# Problem details
Both the line with "Peinado con cabello suelto y lacio - 1" and the line with "Đầm Thun Dài" in the records below must appear in the output, along with every line between them, exactly and with nothing added.

# Dataset extract
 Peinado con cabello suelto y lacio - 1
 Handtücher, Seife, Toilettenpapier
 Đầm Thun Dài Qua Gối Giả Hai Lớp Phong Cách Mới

==

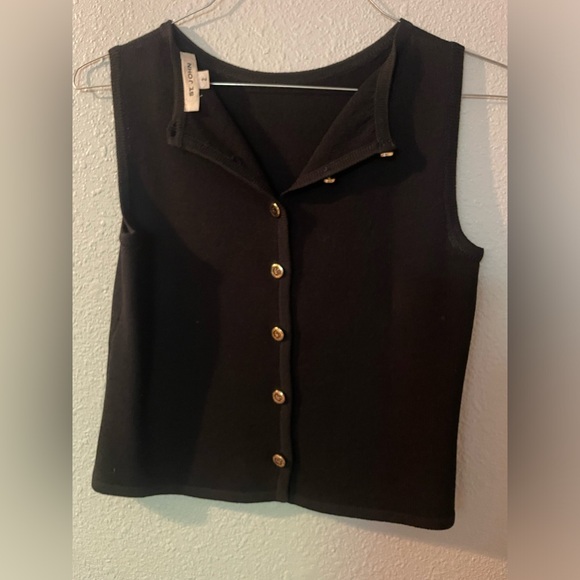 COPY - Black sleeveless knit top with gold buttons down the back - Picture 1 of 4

---

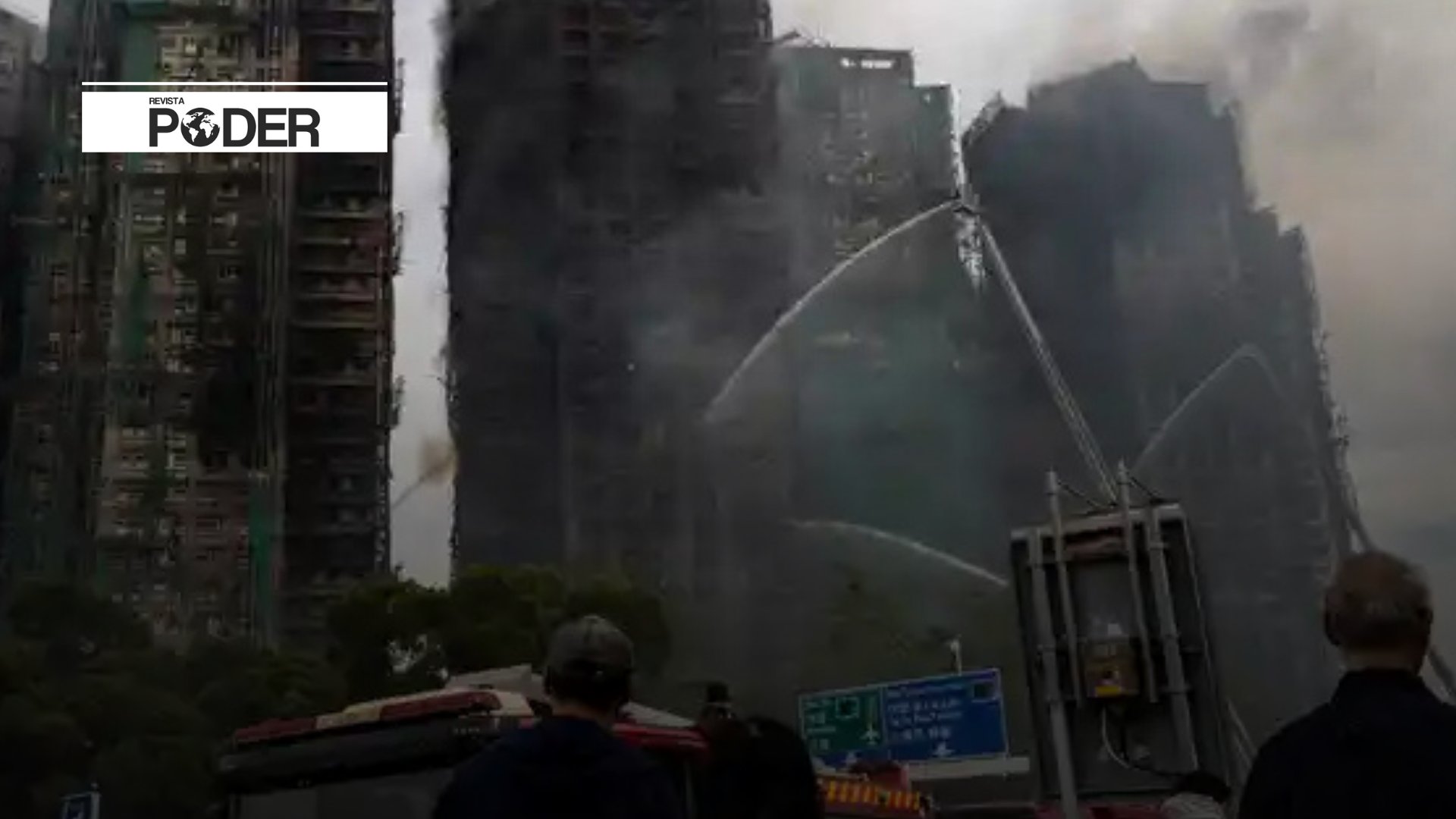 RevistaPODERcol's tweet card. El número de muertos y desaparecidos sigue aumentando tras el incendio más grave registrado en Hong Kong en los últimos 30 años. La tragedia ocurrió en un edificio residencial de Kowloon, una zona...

# Solution
 Peinado con cabello suelto y lacio - 1
 Handtücher, Seife, Toilettenpapier
 Đầm Thun Dài Qua Gối Giả Hai Lớp Phong Cách Mới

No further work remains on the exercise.